1. It is not an original idea

A National WiFi network is not a commonplace suggestion. I have never heard any party or any politician mention anything close to this save Andrew Rasiej and some of the other Muni WiFi people – but those were municipal, I was asking for a federal initiative. It is quite possible that some magazine has mentioned it but it is certainly not some obvious, rehashed public policy idea – even in San Franscisco when we're just talking about Muni Wifi, people are both unfamiliar with the idea and ignorant of the most important possible benefits. Even on Slashdot, people talk of national wireless networks run by geeks – small bands of open networks, not single signon and not full coverage. People think that I'm talking about free internet access – I'm not. I'm talking about infrastructure – building a network that is publicly owned that business can build products and services on – without each one having to build their own.
However, that being said – I understand the problem. Though I don't think it is commonplace, it is certainly not revolutionary nor something others have never thought of. Had I won, I would not have kept the money to reward myself for my oh-so-brilliant idea. I simply think it is something that is far more important than is being considered by actual politicians and I wanted to see it win so it would get some attention by people who were listening.
I also thought it was good in that context of the SEIU. Countering offshoring is a major concern for unions and building a strong national wireless infrastructure would be far more effective at combating that than the hundreds of “ideas” I saw entered that suggested vicious protectionism.

2. Verizon already offers this

This is confusing, but an important distinction. Verizon offers cellular broadband access over their cellular network. It's basically a modem that uses a cell phone for connection – it is not WiFi. The difference is subtle but crucial. If you have 10 devices that want to be network enabled, with cellular technology you have to have a seperate account for each one – that is a $50/month access fee for each one. With WiFi, you have a cheaper device, higher bandwidth, and all 10 devices can access the internet on a single account.
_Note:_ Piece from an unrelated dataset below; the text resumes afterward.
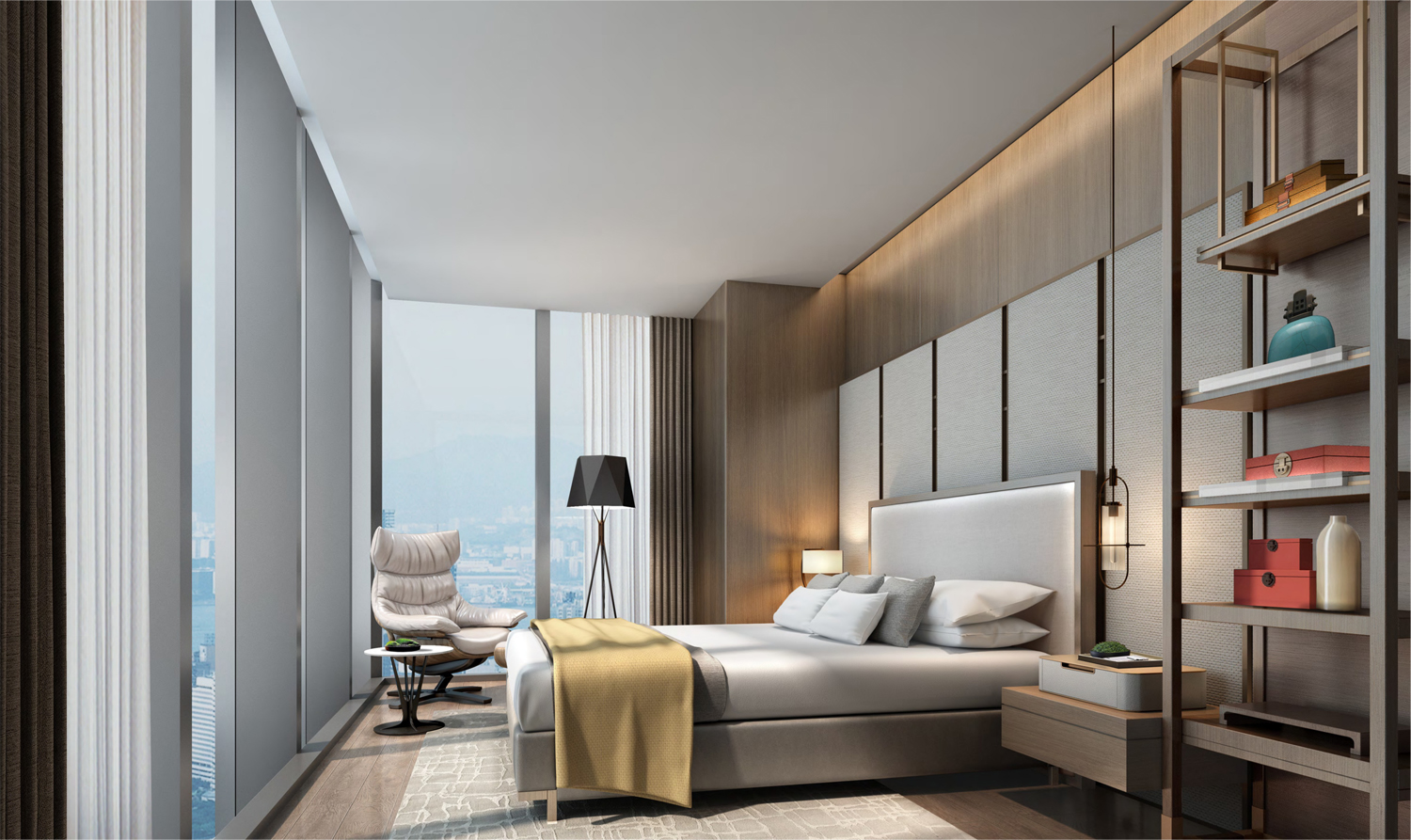 宣城泾县皖新机电总经理室装修案例(图3) 休息室.jpg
If you are a small device manufacturer, that is the difference between a viable product and never getting off the ground.

3. Private industry already doing it

The only thing I've heard of that ever came close to suggesting this was Cometa Networks, which was back in 2002 and was supposed to be finished by 2004. It obviously never happened. What we have now is a pathetic hodgepodge of private networks based in coffeehouses and bookstores across the country. You cannot take your laptop with a wireless card almost anywhere in the country and expect it to get a signal (and if it does, expect to actually have an account with the private company that happens to own that network).
There are rumors that Google is trying to do it and have already offered to wire San Francisco for free, but the possibility that they will want to do that nationally is pretty bleak, and I would rather it be publicly owned. That is not to say that private industry would get screwed – I envisioned more of a single payer model – private companies build it out and maintain it, but it is publicly owned and one account gets you one anywhere. Then medium and small businesses that could never have existed can become employers and everybody wins.


This post is too long, so I'll end it. I think that the SinceSlicedBread contest was a great idea and I'm sorry people are so angry over it. Perhaps the SEIU will offer a database download of all the ideas and someone else can do a community ranked system of good ideas for another use. In the end, the contest and website itself – with it's community input and institutional response – was probably the best and ultimately most important and lasting idea of all 20,000 they saw.